■ **What you need to do**
After locating the line that bears "412 Joe Clifton Drive Paducah KY 42001", restate word for word that line and the rest of the listing to its final line, excluding all pictures.

■ **Data section**
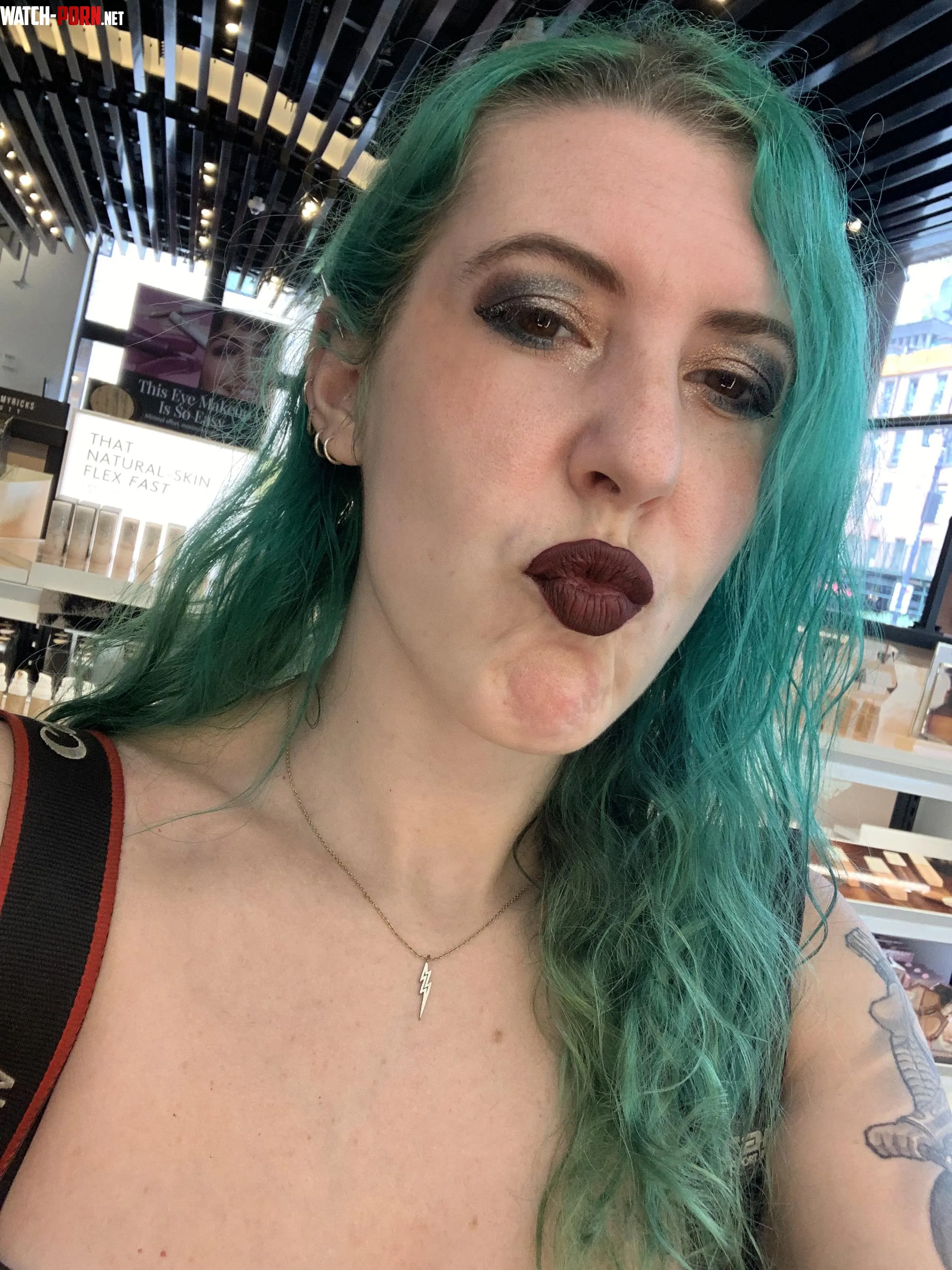 All made up pucker by sirenskiss3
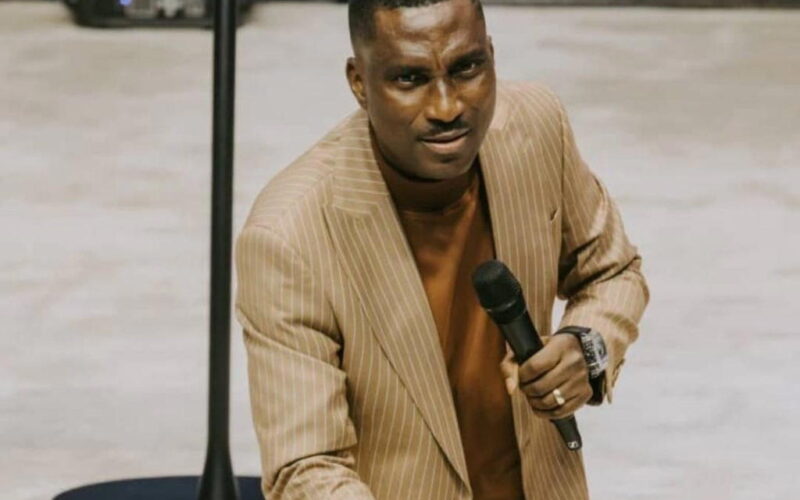 Video: Nigerian pastor promises members millionaire status in 90 days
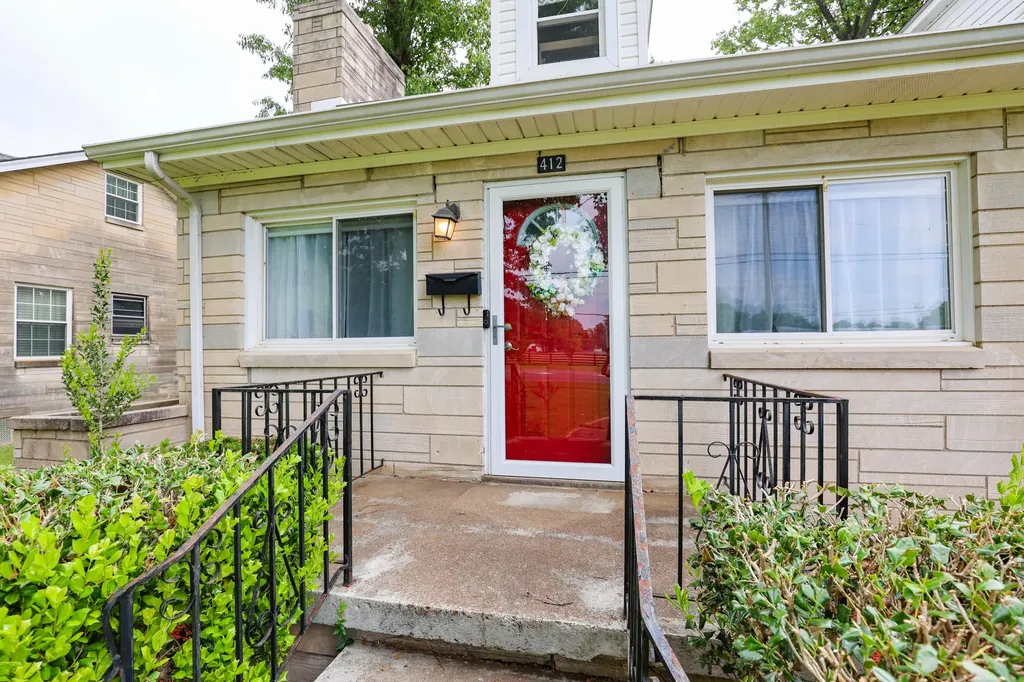 412 Joe Clifton Drive Paducah KY 42001
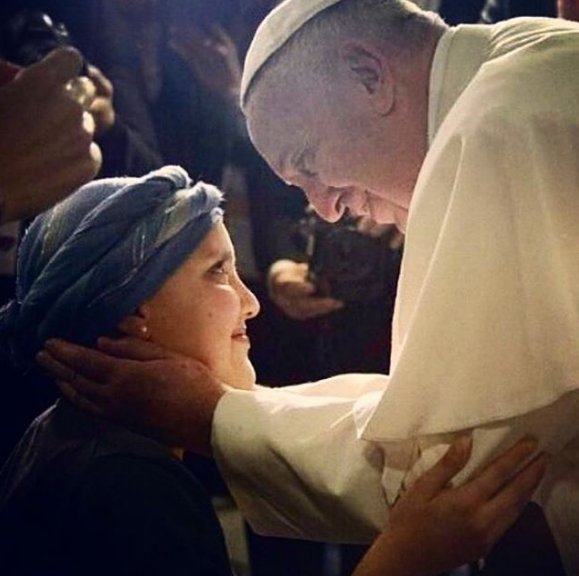 PopeIsHope's tweet photo. "God never stops wanting our good, even when we sin." @Pontifex #Catholicism https://t.co/e6s2iXFy45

■ **Task solution**
 412 Joe Clifton Drive Paducah KY 42001
 PopeIsHope's tweet photo. "God never stops wanting our good, even when we sin." @Pontifex #Catholicism https://t.co/e6s2iXFy45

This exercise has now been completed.